Зачем одесскому коммерсанту иврит? Одно из предположений местечковых сплетников — Шломо скрытый миссионер, другое — он ревизор. Самая экстравагантная версия — приезжий гость колдун и собирается продвинуть свой строительный бизнес с помощью магических манипуляций. Не зря ведь рассказывает легенда про царя Соломона, его тезку, что тот обладал магической властью над демонами, которые помогли ему достроить Храм. Может быть, и Шломо Ахитув предполагает использовать знание магических имен в строительстве казенных казарм?

На самом деле цель Шломо Ахитува — вроде бы прагматичная: он просто хочет достойно подготовиться к празднику Шавуот и не ударить в грязь лицом, когда его вызовут читать Тору в синагоге. Но это только часть общего изменения, которое совершается в душе Шломо Ахитува, часть его собственной внутренней работы. “Ты, Биньямин, даешь мне то, чего в детстве не дал мне отец, — признается он своему учителю. — О, мое проклятое одесское воспитание!”

Нежная любовь к местечку естественным образом ведет к тому, что Ахитув влюбляется в его обитательницу. Юная Шифра такая искренняя, простодушная и естественная, что слово “tivi” — “естественный”, “природный” — не выходит у Шломо из головы, когда он думает о ней. Каково же удивление Шломо, когда он узнает, что Шифра в глубочайшей тайне выучила русский язык и увлекается русской литературой! Это увлечение еще больше сближает его с любимой: ведь путь Шифры к русскому языку параллелен пути самого Шломо к ивриту. Узнав о том, что русскоговорящий одесский гость начал учить иврит и молился в миньяне вместе с ее отцом, Шифра, будучи наконец не в силах сдержать пылкие чувства, переполняющие девичье сердце, первая объясняется в любви Шломо Ахитуву. Нужно ли уточнять, на каком языке? Конечно, по-русски! “Господин мой со мною все время, лишь о нем все мои думы, о речах его помышление мое всегда, облик его предо мною во все дни, и на ложе ночном не знает покоя мое сердце, и в сновиденьях он мне являлся…”

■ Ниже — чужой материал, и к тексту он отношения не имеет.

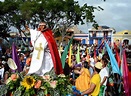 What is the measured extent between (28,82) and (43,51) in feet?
6.24

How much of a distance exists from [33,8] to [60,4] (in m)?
3.12

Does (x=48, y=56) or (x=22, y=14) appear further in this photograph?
(x=22, y=14)

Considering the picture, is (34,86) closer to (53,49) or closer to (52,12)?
(53,49)

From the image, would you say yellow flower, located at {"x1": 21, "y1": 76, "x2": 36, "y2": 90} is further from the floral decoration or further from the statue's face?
the statue's face

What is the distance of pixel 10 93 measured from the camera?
565 centimetres

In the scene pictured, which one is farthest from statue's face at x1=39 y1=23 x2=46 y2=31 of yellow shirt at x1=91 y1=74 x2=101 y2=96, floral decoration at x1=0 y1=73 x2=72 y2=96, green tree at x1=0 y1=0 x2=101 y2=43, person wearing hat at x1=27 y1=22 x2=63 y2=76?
green tree at x1=0 y1=0 x2=101 y2=43

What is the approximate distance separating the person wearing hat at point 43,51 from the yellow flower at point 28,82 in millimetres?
1578

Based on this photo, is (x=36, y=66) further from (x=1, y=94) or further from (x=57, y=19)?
(x=57, y=19)

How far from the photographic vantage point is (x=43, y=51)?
7340 mm

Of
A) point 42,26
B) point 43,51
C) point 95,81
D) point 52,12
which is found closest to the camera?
point 95,81

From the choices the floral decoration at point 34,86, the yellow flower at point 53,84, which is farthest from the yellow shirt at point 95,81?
the yellow flower at point 53,84

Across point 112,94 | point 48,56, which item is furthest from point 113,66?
point 48,56

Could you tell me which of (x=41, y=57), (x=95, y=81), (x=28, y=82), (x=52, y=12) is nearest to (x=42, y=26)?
(x=41, y=57)

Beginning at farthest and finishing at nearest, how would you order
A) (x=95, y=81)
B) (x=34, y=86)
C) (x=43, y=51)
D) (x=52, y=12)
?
1. (x=52, y=12)
2. (x=43, y=51)
3. (x=95, y=81)
4. (x=34, y=86) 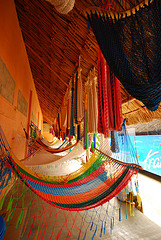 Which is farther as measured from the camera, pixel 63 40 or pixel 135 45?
pixel 63 40

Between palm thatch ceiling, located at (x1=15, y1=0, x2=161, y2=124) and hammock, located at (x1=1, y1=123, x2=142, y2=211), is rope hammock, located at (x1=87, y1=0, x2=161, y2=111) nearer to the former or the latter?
hammock, located at (x1=1, y1=123, x2=142, y2=211)

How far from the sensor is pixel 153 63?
2.40 ft

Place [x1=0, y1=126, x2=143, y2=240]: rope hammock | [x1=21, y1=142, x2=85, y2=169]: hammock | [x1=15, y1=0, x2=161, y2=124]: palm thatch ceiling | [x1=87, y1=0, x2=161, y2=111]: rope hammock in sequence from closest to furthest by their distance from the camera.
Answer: [x1=87, y1=0, x2=161, y2=111]: rope hammock < [x1=0, y1=126, x2=143, y2=240]: rope hammock < [x1=15, y1=0, x2=161, y2=124]: palm thatch ceiling < [x1=21, y1=142, x2=85, y2=169]: hammock

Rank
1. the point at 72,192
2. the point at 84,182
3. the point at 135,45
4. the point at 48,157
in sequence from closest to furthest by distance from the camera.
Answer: the point at 135,45 → the point at 72,192 → the point at 84,182 → the point at 48,157

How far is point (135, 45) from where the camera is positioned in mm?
793

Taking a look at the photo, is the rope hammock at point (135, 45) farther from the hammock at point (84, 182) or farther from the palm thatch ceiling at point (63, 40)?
the palm thatch ceiling at point (63, 40)

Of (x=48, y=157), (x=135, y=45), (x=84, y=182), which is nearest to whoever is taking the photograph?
(x=135, y=45)

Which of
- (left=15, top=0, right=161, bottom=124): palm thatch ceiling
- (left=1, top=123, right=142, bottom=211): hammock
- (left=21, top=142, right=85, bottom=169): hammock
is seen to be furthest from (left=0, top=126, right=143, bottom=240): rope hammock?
(left=15, top=0, right=161, bottom=124): palm thatch ceiling

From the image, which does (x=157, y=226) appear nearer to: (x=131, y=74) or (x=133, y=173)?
(x=133, y=173)

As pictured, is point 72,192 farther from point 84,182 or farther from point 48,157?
point 48,157

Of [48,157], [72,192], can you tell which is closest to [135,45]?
[72,192]

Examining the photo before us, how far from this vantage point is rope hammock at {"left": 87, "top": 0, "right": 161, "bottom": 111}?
0.72 meters

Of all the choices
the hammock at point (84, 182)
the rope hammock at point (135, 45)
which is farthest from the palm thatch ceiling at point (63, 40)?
the hammock at point (84, 182)

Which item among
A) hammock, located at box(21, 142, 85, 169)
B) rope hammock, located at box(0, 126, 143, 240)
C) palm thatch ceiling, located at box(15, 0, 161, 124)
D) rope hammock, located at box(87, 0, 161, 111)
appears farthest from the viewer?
hammock, located at box(21, 142, 85, 169) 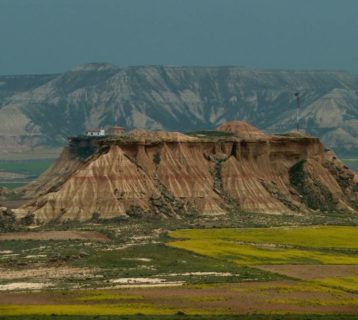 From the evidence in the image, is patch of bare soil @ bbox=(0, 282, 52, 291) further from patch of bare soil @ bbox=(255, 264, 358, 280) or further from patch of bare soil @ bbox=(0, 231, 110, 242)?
patch of bare soil @ bbox=(0, 231, 110, 242)

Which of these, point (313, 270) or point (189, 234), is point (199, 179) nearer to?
point (189, 234)

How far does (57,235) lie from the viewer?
129 metres

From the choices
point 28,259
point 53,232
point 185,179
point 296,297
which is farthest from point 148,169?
point 296,297

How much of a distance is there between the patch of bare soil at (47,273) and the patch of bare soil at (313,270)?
1541cm

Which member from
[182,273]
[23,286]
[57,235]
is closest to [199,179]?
[57,235]

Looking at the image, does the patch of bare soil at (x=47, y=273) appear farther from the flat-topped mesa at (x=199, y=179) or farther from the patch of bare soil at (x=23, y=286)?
the flat-topped mesa at (x=199, y=179)

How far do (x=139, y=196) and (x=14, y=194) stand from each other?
53.9 m

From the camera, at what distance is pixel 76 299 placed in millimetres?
84312

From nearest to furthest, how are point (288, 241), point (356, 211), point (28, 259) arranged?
point (28, 259) < point (288, 241) < point (356, 211)

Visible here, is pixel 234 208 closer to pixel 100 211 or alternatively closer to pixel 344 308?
pixel 100 211

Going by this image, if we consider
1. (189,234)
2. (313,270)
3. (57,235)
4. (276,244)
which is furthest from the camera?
(189,234)

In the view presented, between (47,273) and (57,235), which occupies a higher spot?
(57,235)

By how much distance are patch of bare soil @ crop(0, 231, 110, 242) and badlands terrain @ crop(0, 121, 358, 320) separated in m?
0.24

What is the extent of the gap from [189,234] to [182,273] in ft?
103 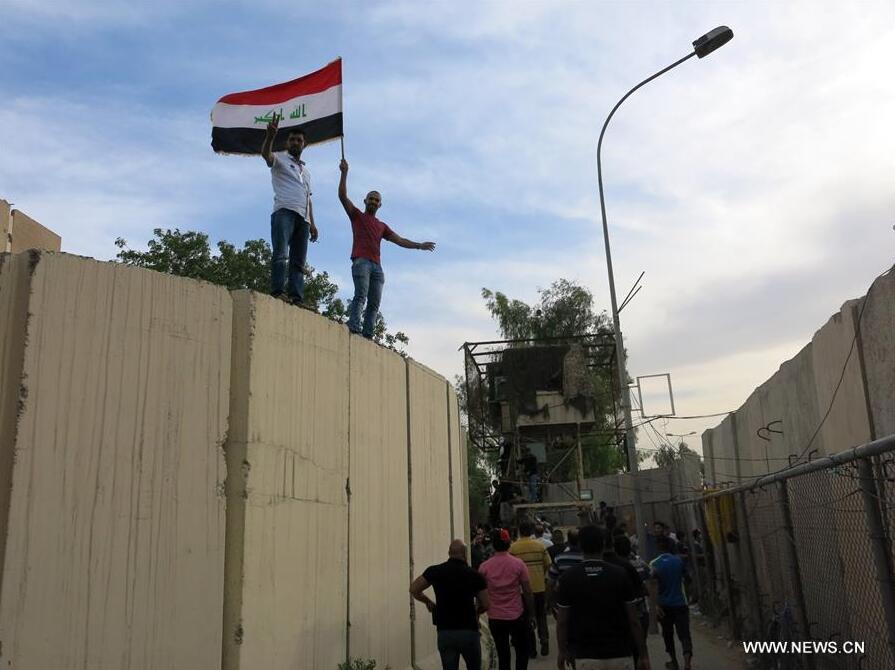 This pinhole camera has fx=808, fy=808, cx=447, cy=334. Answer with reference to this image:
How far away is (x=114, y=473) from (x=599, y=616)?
2983mm

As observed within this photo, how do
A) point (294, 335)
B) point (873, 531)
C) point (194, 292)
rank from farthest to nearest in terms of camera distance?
point (294, 335), point (194, 292), point (873, 531)

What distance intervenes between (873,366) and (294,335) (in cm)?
486

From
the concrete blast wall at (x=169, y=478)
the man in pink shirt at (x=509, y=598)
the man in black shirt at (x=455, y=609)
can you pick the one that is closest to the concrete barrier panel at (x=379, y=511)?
the concrete blast wall at (x=169, y=478)

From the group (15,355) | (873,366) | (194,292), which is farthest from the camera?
(873,366)

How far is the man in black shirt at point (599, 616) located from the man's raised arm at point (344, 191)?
14.9ft

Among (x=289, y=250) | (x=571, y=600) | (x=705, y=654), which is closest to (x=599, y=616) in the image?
(x=571, y=600)

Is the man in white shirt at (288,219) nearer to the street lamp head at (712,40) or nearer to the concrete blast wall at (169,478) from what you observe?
the concrete blast wall at (169,478)

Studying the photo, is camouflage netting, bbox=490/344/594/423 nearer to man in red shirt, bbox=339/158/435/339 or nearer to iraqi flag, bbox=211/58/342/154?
man in red shirt, bbox=339/158/435/339

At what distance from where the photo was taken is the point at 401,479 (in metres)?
7.79

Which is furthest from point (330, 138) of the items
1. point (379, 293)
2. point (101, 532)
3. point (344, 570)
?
point (101, 532)

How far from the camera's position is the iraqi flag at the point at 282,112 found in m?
7.73

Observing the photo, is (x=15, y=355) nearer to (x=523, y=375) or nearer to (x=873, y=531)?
(x=873, y=531)

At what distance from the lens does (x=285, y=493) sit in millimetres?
5480

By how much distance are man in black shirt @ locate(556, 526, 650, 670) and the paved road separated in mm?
4730
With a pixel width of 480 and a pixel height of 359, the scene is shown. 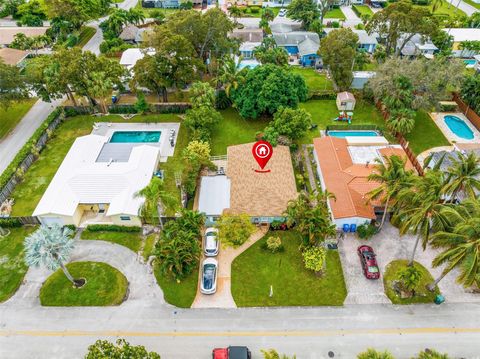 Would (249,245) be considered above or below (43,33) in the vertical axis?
below

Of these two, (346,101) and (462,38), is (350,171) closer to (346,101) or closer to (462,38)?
(346,101)

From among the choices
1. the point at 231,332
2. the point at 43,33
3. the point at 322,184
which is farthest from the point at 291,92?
the point at 43,33

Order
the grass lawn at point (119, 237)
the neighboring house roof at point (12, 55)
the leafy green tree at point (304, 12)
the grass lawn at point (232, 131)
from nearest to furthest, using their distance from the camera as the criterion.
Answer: the grass lawn at point (119, 237) → the grass lawn at point (232, 131) → the neighboring house roof at point (12, 55) → the leafy green tree at point (304, 12)

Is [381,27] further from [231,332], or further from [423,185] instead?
[231,332]

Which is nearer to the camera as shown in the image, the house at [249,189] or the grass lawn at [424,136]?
the house at [249,189]

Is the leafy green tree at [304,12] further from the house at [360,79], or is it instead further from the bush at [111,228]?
the bush at [111,228]

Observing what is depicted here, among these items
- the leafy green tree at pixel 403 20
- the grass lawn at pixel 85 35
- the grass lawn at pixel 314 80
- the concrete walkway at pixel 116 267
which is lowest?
the concrete walkway at pixel 116 267

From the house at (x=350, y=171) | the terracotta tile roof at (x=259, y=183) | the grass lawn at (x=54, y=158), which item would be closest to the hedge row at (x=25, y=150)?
the grass lawn at (x=54, y=158) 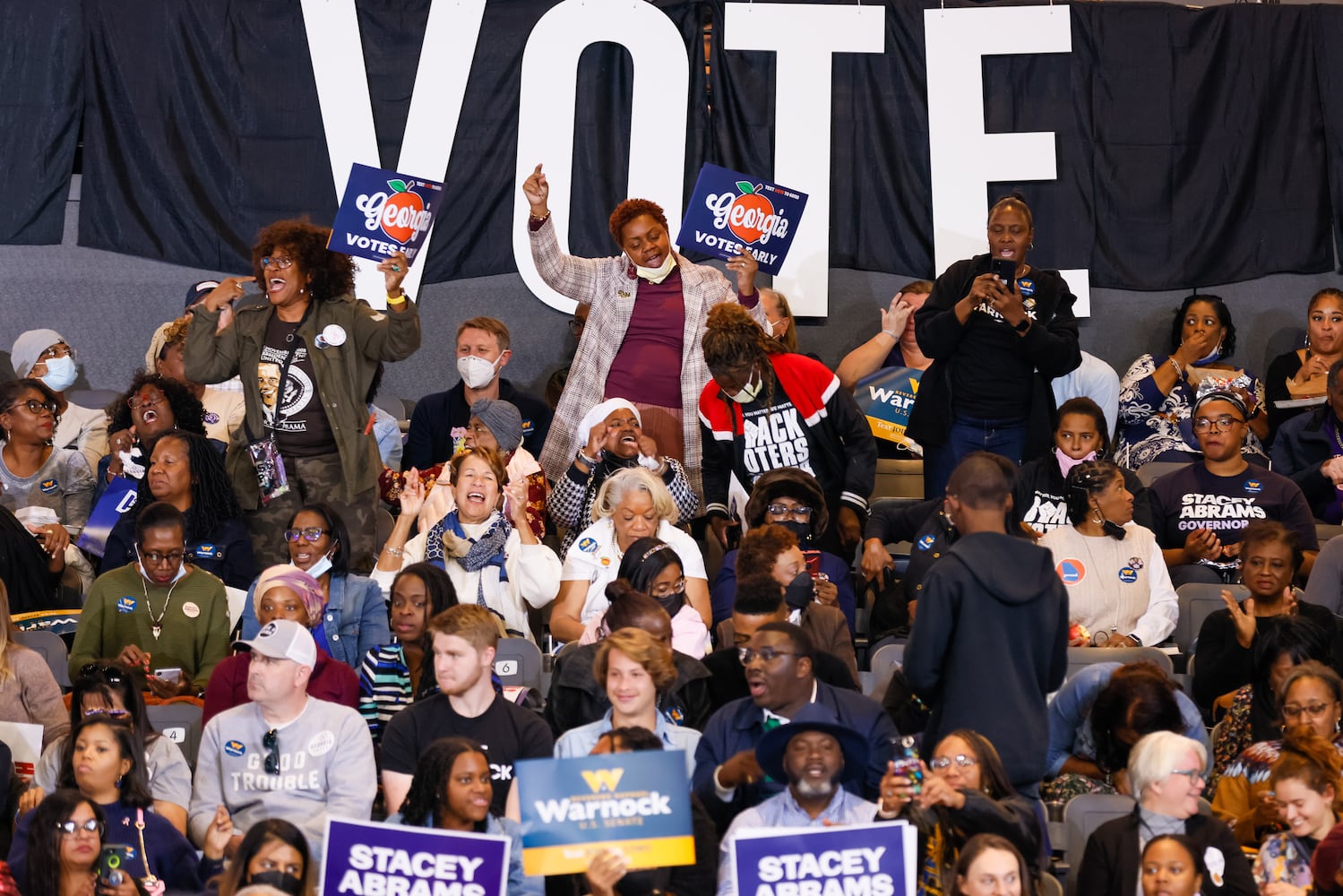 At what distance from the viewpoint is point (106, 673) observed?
5.69 m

Русский источник монолога Шифры очевиден: это письмо Татьяны (источником которого, в свою очередь, были французские и английские предромантические романы). Татьяна написала главное письмо своей жизни по-французски, и повествователь подчеркивает, что тот текст, который появляется в романе по-русски, — это не оригинал, а перевод, “с живой картины список бледный”. Эта мистификация повторяется у Браудеса: Шифра объясняется в любви по-русски: русский для нее, как французский для Татьяны, — особый язык любви и одновременно язык культуры. Как у Пушкина, в романе Браудеса объяснение появляется в переводе на национальный язык — иврит. И как Татьяне французский язык и французские книжки не мешают оставаться “русской душою”, так Шифра, зачитываясь русскими романами и объясняясь в любви по-русски, не просто остается идеальной еврейской девушкой, но еще ярче выявляет свою еврейскую сущность: “Мир, покой и гармония, царившие в ее душе, проявлялись и в ее суждениях о романах... Она хвалила книги, в которых шла речь о семейном счастии, о любви и доверии между супругами, и ей не нравились бурные страсти, ведущие к конфликтам, ссорам и катастрофам, а заодно и романы, в которых все это описывалось...”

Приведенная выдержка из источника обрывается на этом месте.